▶ **Your task**
Copy task, pictures excluded: set down exactly the lines from the one containing "Avella Thin Font UPPERCASE" to the end of the data below.

▶ **Task input**
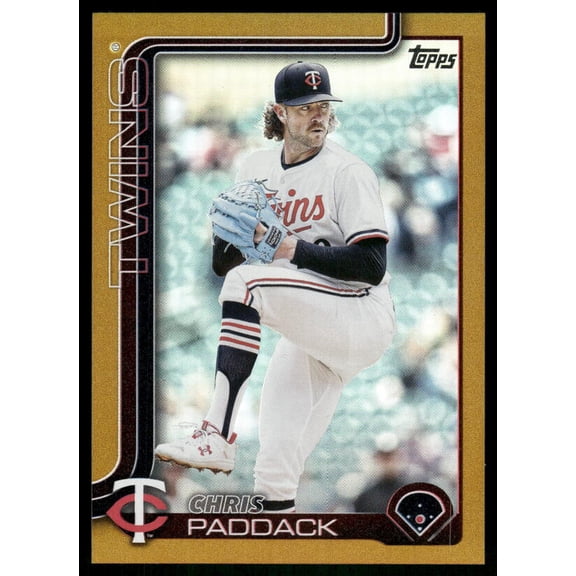 2025 TOPPS UPDATE GOLD RAINBOW FOIL #US73 CHRIS PADDACK 5/50 MINNESOTA TWINS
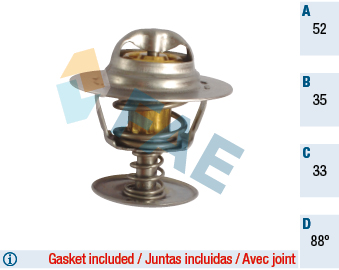 FAE 5305188 Termostat 88 Escort Focus Mondeo Connect 1.8d-1.8tdci 89 07 Transit 2.5d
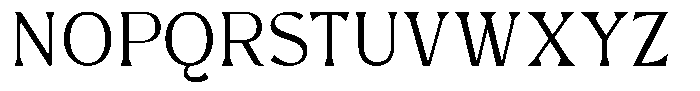 Avella Thin Font UPPERCASE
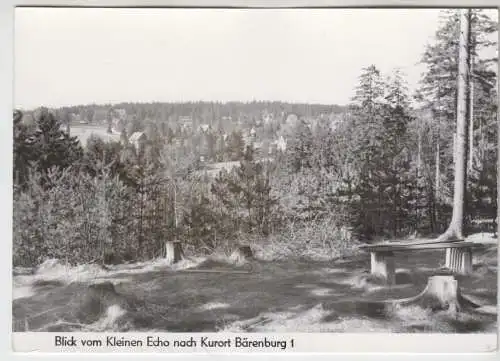 AK Blick vom Kleinen Echo nach Kurort Bärenburg 1, ca. 1977, Photo-Eulitz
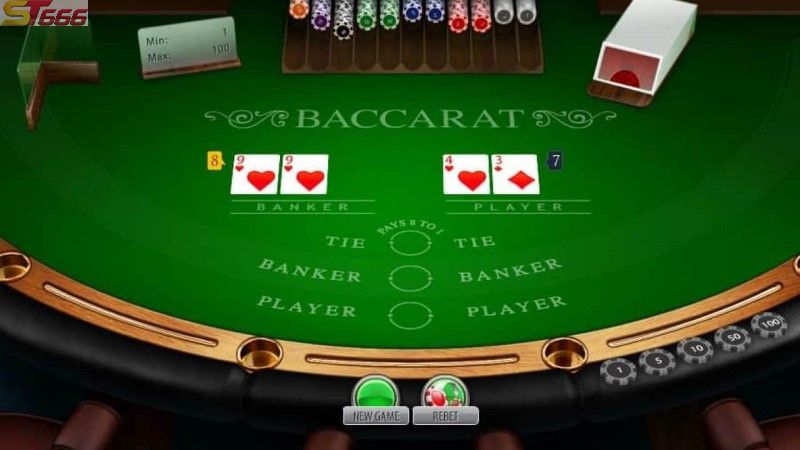 ST666 Game chơi bài tính điểm giữa banker và player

▶ **Response to this exercise**
 Avella Thin Font UPPERCASE
 AK Blick vom Kleinen Echo nach Kurort Bärenburg 1, ca. 1977, Photo-Eulitz
 ST666 Game chơi bài tính điểm giữa banker và player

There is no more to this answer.